▶ **About this exercise**
In the entries below, find the line with "Fine Cotton Twill" and the line with "Hanger #180 attaches". Repeat exactly everything between them, those two lines included, but not the pictures.

▶ **Material for this task**
***

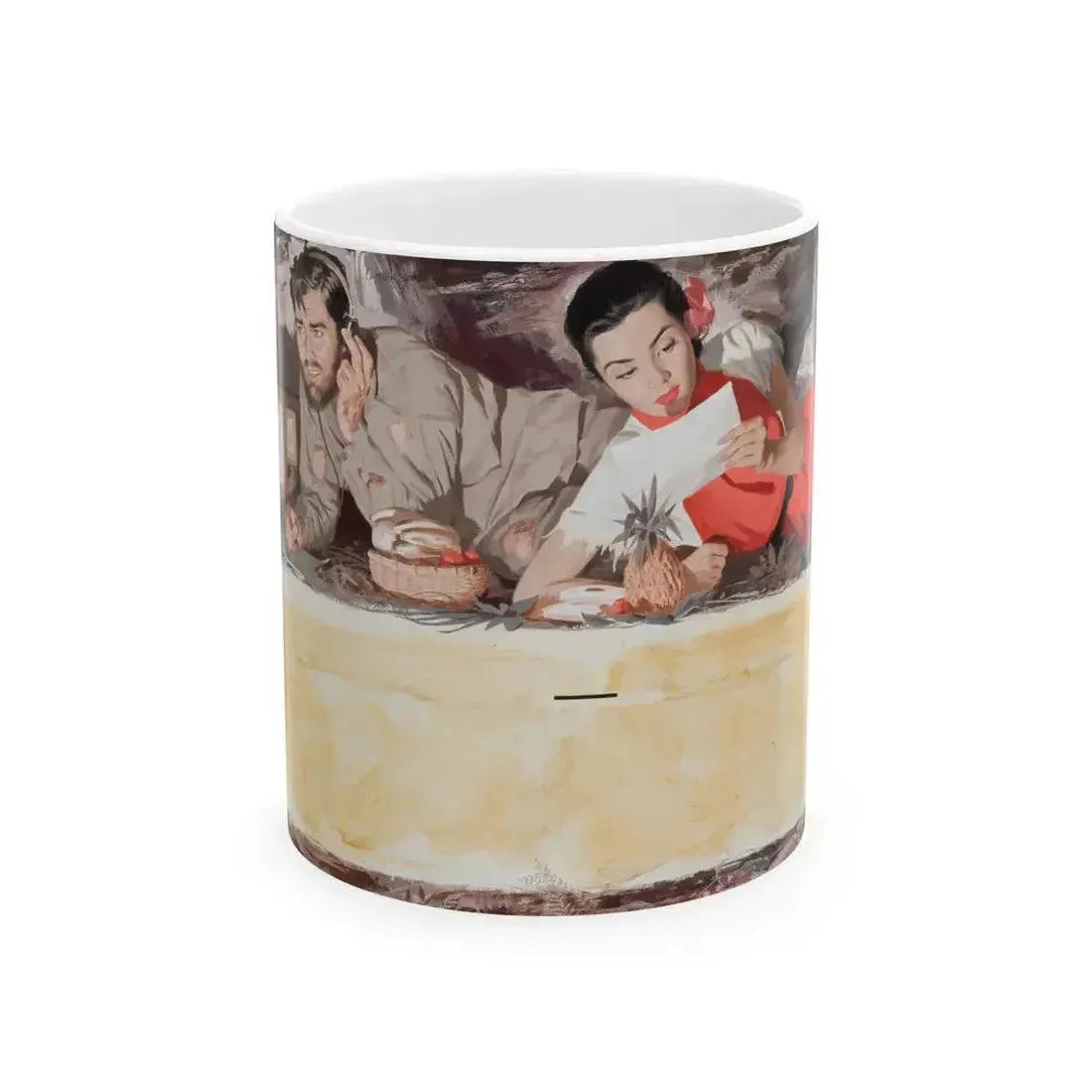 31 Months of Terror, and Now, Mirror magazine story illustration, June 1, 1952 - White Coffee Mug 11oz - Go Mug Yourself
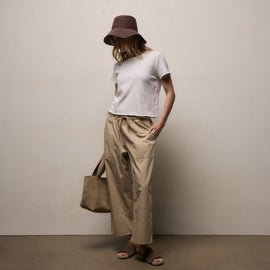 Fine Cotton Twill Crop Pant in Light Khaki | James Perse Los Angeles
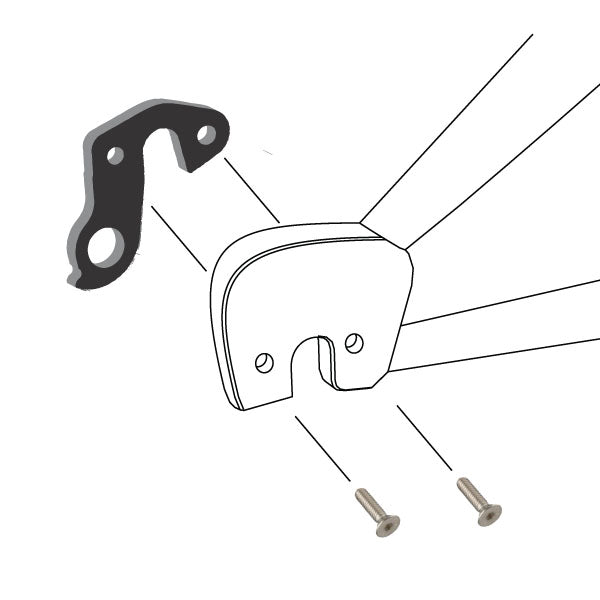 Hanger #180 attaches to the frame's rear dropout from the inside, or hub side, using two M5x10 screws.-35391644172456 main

***

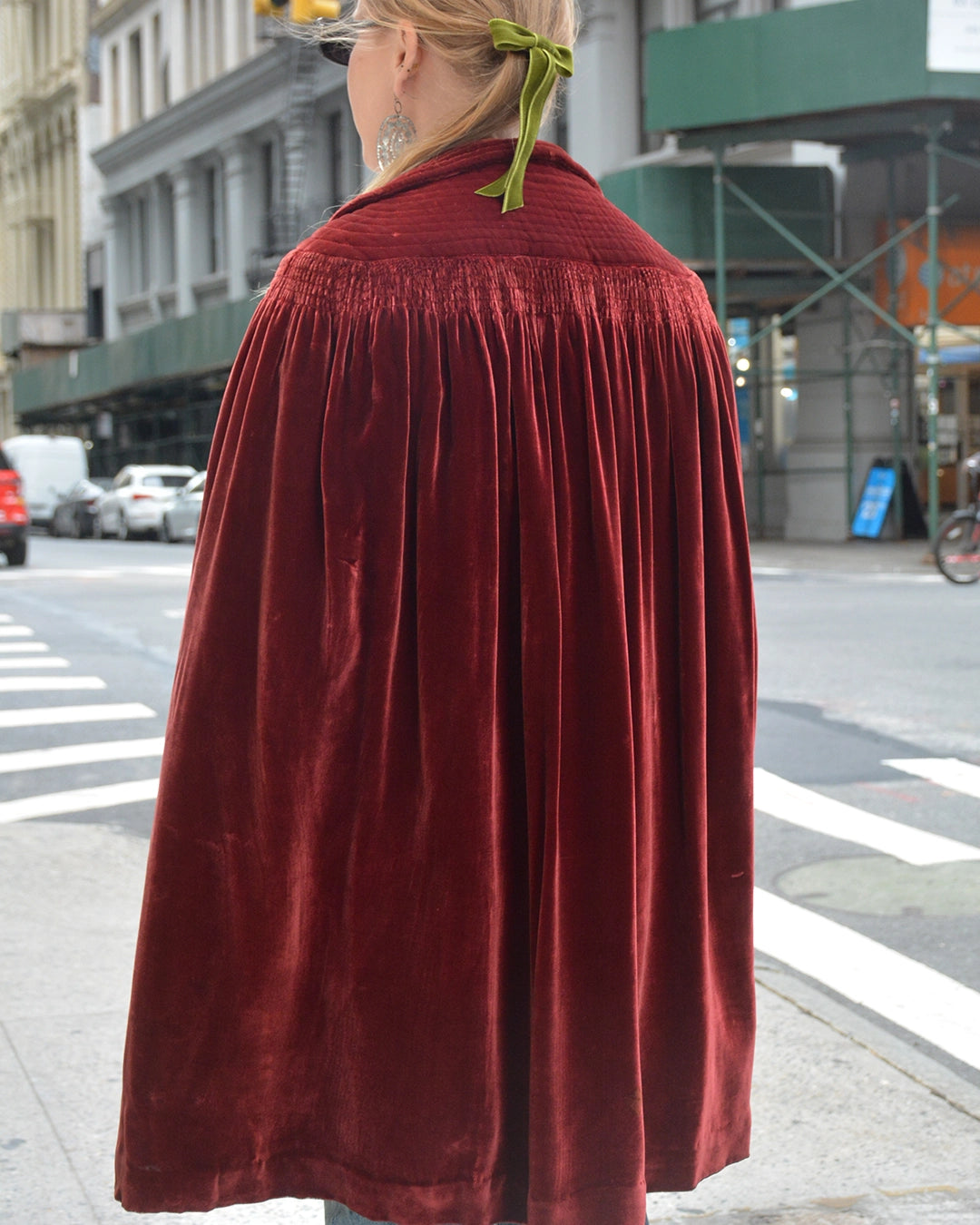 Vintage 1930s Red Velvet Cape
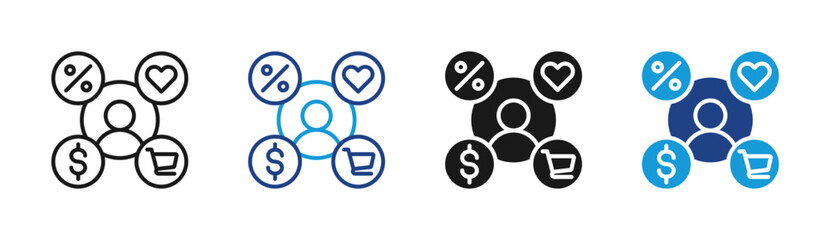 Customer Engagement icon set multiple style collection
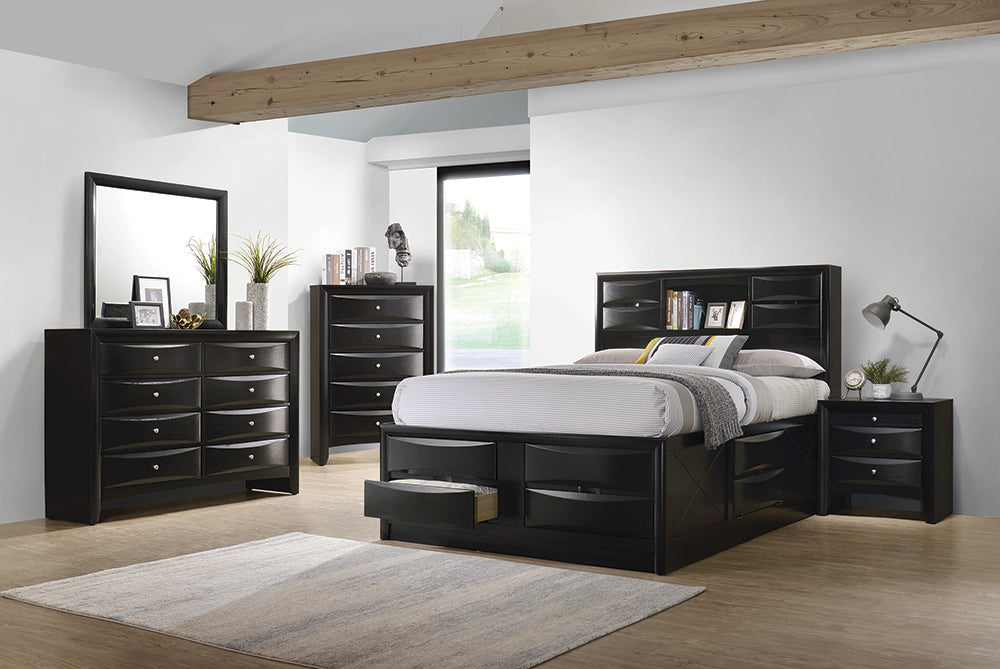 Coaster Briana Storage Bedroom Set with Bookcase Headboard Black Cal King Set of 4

***

▶ **Response**
 Fine Cotton Twill Crop Pant in Light Khaki | James Perse Los Angeles
 Hanger #180 attaches to the frame's rear dropout from the inside, or hub side, using two M5x10 screws.-35391644172456 main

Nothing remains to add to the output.